* [DATA PROVIDED]:
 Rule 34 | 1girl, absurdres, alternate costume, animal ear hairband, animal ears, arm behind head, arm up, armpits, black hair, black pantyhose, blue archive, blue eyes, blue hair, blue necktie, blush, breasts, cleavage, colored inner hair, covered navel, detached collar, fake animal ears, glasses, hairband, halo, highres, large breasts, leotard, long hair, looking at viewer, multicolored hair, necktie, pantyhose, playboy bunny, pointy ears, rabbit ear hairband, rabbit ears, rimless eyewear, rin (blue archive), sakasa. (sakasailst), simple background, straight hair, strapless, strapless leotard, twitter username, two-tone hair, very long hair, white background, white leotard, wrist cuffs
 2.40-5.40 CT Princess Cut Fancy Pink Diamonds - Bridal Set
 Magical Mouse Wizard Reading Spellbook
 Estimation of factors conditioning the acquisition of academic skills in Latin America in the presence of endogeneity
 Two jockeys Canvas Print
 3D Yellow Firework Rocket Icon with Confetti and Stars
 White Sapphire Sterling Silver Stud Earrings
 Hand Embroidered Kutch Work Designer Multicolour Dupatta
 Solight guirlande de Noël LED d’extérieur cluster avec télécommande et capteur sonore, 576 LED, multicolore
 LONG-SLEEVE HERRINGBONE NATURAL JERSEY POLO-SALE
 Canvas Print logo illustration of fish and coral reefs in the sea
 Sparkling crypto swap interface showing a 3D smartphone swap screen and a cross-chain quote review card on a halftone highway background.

* [WHAT THE TASK REQUIRES]:
Nothing is to be left out. Repeat the whole listing exactly.

* [ANSWER AREA]:
 Rule 34 | 1girl, absurdres, alternate costume, animal ear hairband, animal ears, arm behind head, arm up, armpits, black hair, black pantyhose, blue archive, blue eyes, blue hair, blue necktie, blush, breasts, cleavage, colored inner hair, covered navel, detached collar, fake animal ears, glasses, hairband, halo, highres, large breasts, leotard, long hair, looking at viewer, multicolored hair, necktie, pantyhose, playboy bunny, pointy ears, rabbit ear hairband, rabbit ears, rimless eyewear, rin (blue archive), sakasa. (sakasailst), simple background, straight hair, strapless, strapless leotard, twitter username, two-tone hair, very long hair, white background, white leotard, wrist cuffs
 2.40-5.40 CT Princess Cut Fancy Pink Diamonds - Bridal Set
 Magical Mouse Wizard Reading Spellbook
 Estimation of factors conditioning the acquisition of academic skills in Latin America in the presence of endogeneity
 Two jockeys Canvas Print
 3D Yellow Firework Rocket Icon with Confetti and Stars
 White Sapphire Sterling Silver Stud Earrings
 Hand Embroidered Kutch Work Designer Multicolour Dupatta
 Solight guirlande de Noël LED d’extérieur cluster avec télécommande et capteur sonore, 576 LED, multicolore
 LONG-SLEEVE HERRINGBONE NATURAL JERSEY POLO-SALE
 Canvas Print logo illustration of fish and coral reefs in the sea
 Sparkling crypto swap interface showing a 3D smartphone swap screen and a cross-chain quote review card on a halftone highway background.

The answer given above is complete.